• _Work to be completed_
A line below contains "Pressão arterial invasiva", and a later one contains "Histological and bar". Repeat both, with every line between them, exactly.

+++ Data +++

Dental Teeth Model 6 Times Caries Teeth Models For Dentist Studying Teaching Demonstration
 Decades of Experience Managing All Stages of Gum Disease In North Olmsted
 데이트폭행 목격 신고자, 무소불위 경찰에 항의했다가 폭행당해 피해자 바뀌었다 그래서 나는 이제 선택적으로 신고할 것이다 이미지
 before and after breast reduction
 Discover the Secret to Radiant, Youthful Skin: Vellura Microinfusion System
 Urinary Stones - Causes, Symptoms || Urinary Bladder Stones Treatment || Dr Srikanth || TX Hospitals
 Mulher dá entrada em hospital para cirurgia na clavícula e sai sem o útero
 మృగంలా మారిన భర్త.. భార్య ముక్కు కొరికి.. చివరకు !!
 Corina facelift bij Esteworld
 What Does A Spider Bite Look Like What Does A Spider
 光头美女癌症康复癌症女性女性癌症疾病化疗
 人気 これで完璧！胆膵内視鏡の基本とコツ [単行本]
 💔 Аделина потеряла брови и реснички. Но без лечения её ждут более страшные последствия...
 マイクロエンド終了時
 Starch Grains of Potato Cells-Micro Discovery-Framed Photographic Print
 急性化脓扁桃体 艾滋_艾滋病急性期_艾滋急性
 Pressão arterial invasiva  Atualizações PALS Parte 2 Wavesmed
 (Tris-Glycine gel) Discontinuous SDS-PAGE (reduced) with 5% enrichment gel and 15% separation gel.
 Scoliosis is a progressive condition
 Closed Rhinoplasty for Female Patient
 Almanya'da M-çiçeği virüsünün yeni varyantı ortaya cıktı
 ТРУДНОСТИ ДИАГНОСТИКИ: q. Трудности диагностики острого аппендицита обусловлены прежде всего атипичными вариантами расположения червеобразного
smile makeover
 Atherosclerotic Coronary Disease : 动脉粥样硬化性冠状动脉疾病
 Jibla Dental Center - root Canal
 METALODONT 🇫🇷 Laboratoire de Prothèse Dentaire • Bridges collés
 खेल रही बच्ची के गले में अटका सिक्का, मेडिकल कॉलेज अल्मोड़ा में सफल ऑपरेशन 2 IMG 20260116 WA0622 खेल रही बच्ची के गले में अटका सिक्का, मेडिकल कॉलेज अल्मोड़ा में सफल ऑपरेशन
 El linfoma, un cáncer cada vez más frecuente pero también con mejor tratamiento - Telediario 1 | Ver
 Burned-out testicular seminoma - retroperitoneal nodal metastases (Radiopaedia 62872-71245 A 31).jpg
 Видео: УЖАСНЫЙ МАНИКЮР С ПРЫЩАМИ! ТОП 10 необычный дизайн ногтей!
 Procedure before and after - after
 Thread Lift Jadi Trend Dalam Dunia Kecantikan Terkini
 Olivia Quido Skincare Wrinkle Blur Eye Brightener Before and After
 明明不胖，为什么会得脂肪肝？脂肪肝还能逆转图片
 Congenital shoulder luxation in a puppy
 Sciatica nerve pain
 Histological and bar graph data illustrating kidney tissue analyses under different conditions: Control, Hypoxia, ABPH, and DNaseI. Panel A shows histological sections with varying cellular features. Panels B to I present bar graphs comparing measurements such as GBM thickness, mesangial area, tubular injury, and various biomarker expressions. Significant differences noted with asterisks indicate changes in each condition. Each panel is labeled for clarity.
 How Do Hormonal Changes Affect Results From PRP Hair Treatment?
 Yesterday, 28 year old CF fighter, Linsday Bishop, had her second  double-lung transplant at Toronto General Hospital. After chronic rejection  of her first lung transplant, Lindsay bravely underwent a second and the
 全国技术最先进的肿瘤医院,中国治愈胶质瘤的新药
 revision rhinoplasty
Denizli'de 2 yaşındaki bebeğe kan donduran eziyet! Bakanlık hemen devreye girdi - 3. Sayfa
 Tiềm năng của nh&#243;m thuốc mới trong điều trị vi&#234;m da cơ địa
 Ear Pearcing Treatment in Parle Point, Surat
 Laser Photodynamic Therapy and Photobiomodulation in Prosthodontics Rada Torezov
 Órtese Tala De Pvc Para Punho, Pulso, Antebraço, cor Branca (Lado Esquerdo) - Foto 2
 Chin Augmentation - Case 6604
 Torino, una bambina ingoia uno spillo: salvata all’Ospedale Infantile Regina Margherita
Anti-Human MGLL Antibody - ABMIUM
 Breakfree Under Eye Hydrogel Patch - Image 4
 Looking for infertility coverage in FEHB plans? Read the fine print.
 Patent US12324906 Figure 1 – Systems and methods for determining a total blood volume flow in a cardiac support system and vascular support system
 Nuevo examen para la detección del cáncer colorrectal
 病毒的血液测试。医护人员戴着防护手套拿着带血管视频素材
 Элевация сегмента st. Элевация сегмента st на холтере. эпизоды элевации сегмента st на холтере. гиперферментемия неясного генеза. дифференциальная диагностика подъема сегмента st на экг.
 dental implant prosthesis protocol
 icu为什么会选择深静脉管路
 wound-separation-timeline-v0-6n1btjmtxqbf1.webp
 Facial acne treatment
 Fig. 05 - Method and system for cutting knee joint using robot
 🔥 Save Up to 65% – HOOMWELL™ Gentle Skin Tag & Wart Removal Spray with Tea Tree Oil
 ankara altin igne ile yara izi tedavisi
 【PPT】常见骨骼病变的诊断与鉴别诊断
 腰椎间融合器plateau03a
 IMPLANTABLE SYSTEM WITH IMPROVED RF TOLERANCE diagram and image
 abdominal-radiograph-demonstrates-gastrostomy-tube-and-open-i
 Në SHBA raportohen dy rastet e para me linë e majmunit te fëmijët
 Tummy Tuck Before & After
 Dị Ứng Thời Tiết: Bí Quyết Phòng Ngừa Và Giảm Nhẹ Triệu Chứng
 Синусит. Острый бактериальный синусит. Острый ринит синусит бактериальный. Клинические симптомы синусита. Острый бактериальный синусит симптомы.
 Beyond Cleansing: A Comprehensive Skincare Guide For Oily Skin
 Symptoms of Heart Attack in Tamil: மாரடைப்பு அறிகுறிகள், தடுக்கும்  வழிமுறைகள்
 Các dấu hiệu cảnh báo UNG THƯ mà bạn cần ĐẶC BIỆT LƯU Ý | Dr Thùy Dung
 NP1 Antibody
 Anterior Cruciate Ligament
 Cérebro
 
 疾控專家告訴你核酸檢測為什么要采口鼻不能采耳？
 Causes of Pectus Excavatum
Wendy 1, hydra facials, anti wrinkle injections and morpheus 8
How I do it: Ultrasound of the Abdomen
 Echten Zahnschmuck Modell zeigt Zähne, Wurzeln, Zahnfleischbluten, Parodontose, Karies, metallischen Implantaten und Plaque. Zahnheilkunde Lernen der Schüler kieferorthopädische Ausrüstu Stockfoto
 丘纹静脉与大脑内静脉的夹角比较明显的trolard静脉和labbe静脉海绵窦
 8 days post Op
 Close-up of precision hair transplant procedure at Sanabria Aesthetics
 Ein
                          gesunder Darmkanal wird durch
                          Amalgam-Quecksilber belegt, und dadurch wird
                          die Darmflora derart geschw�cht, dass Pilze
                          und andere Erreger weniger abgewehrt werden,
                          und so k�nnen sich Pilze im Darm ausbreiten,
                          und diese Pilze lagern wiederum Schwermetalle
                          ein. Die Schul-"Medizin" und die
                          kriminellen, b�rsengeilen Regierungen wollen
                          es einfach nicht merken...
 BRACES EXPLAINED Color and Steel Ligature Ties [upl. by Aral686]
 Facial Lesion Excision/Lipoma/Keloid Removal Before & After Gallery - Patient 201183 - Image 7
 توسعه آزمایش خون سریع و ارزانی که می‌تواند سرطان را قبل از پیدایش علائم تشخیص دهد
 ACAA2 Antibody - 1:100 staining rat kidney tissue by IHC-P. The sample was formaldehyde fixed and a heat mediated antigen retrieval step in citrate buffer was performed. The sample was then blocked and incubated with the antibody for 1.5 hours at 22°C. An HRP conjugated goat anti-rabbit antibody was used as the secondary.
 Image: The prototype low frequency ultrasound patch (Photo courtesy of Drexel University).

+++

• _Answer for this exercise_
 Pressão arterial invasiva  Atualizações PALS Parte 2 Wavesmed
 (Tris-Glycine gel) Discontinuous SDS-PAGE (reduced) with 5% enrichment gel and 15% separation gel.
 Scoliosis is a progressive condition
 Closed Rhinoplasty for Female Patient
 Almanya'da M-çiçeği virüsünün yeni varyantı ortaya cıktı
 ТРУДНОСТИ ДИАГНОСТИКИ: q. Трудности диагностики острого аппендицита обусловлены прежде всего атипичными вариантами расположения червеобразного
smile makeover
 Atherosclerotic Coronary Disease : 动脉粥样硬化性冠状动脉疾病
 Jibla Dental Center - root Canal
 METALODONT 🇫🇷 Laboratoire de Prothèse Dentaire • Bridges collés
 खेल रही बच्ची के गले में अटका सिक्का, मेडिकल कॉलेज अल्मोड़ा में सफल ऑपरेशन 2 IMG 20260116 WA0622 खेल रही बच्ची के गले में अटका सिक्का, मेडिकल कॉलेज अल्मोड़ा में सफल ऑपरेशन
 El linfoma, un cáncer cada vez más frecuente pero también con mejor tratamiento - Telediario 1 | Ver
 Burned-out testicular seminoma - retroperitoneal nodal metastases (Radiopaedia 62872-71245 A 31).jpg
 Видео: УЖАСНЫЙ МАНИКЮР С ПРЫЩАМИ! ТОП 10 необычный дизайн ногтей!
 Procedure before and after - after
 Thread Lift Jadi Trend Dalam Dunia Kecantikan Terkini
 Olivia Quido Skincare Wrinkle Blur Eye Brightener Before and After
 明明不胖，为什么会得脂肪肝？脂肪肝还能逆转图片
 Congenital shoulder luxation in a puppy
 Sciatica nerve pain
 Histological and bar graph data illustrating kidney tissue analyses under different conditions: Control, Hypoxia, ABPH, and DNaseI. Panel A shows histological sections with varying cellular features. Panels B to I present bar graphs comparing measurements such as GBM thickness, mesangial area, tubular injury, and various biomarker expressions. Significant differences noted with asterisks indicate changes in each condition. Each panel is labeled for clarity.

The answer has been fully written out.